Unnamed: 0,patid,age,gender,tg0,tg1,tg2,tg3,tg4,wgt0,wgt1,wgt2,wgt3,wgt4
0,1,45,Male,180,148,106,113,100,198,196,193,188,192
1,2,56,Male,139,94,119,75,92,237,233,232,228,225
2,3,50,Male,152,185,86,149,118,233,231,229,228,226
3,4,46,Female,112,145,136,149,82,179,181,177,174,172
4,5,64,Male,156,104,157,79,97,219,217,215,213,214


To test the effectiveness of the diet, would do a Paired sample T-Test on weights and triglyceride levels take before and after the study.

Test1 for weights:
    
    H0: wgt0 == wgt4
        (The weights before and after study are same ie no change in the weights)
    H1: wgt0 <> wgt4
        (The weights before and after study are different ie there's change in the weights)
   

Test2 for triglyceride levels:
         
    H0: tg0 == tg4
        (The triglyceride levels before and after study are same ie no change in the triglyceride levels)
    H1: wgt0 <> wgt4
        (The triglyceride levels before and after study are different ie there's change in the triglyceride levels)
    
    
Both are Two tailed test.

In [9]:
# Test1 for weights:

# step 1 : 

before_diet = dietstudy.wgt0
after_diet  = dietstudy.wgt4


print("The average weights before the diet is {}.".format(before_diet.mean()))
print("The average weights after the diet is {}.".format(after_diet.mean()))

print(' ')

# Step 2: Performing Two Sample Relative/Paired T-Test:

t_stat1 = stats.ttest_rel(a=before_diet, b=after_diet)

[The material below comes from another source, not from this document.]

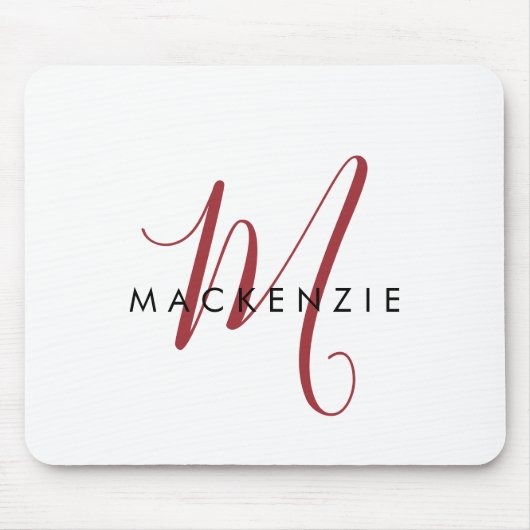 Elegantes, modernes White Script Monogram Mousepad (Vorne)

print("The T-score is {} and p-value is {}.".format(t_stat1.statistic, t_stat1.pvalue))

The average weights before the diet is 198.375.
The average weights after the diet is 190.3125.
 
The T-score is 11.174521688532522 and p-value is 1.137689414996614e-08.


In [10]:
# checking if p-value more than 5% alpha for Test 1:

t_stat1.pvalue > 0.05

False

In [12]:
# Test2 for triglyceride levels:

# Step 1: 

before_diet_tg = dietstudy.tg0
after_diet_tg  = dietstudy.tg4

print("The average triglyceride levels before diet is {}".format(before_diet_tg.mean()))
print("The average triglyceride levels after diet is {}.".format(after_diet_tg.mean()))

print(' ')

# Step 2: Testing Relative/Paired Sample T-Test

t_Stat2 = stats.ttest_rel(a=before_diet_tg, b=after_diet_tg)

print("The T-score is {} and pvalue is {}.".format(t_Stat2.statistic, t_Stat2.pvalue))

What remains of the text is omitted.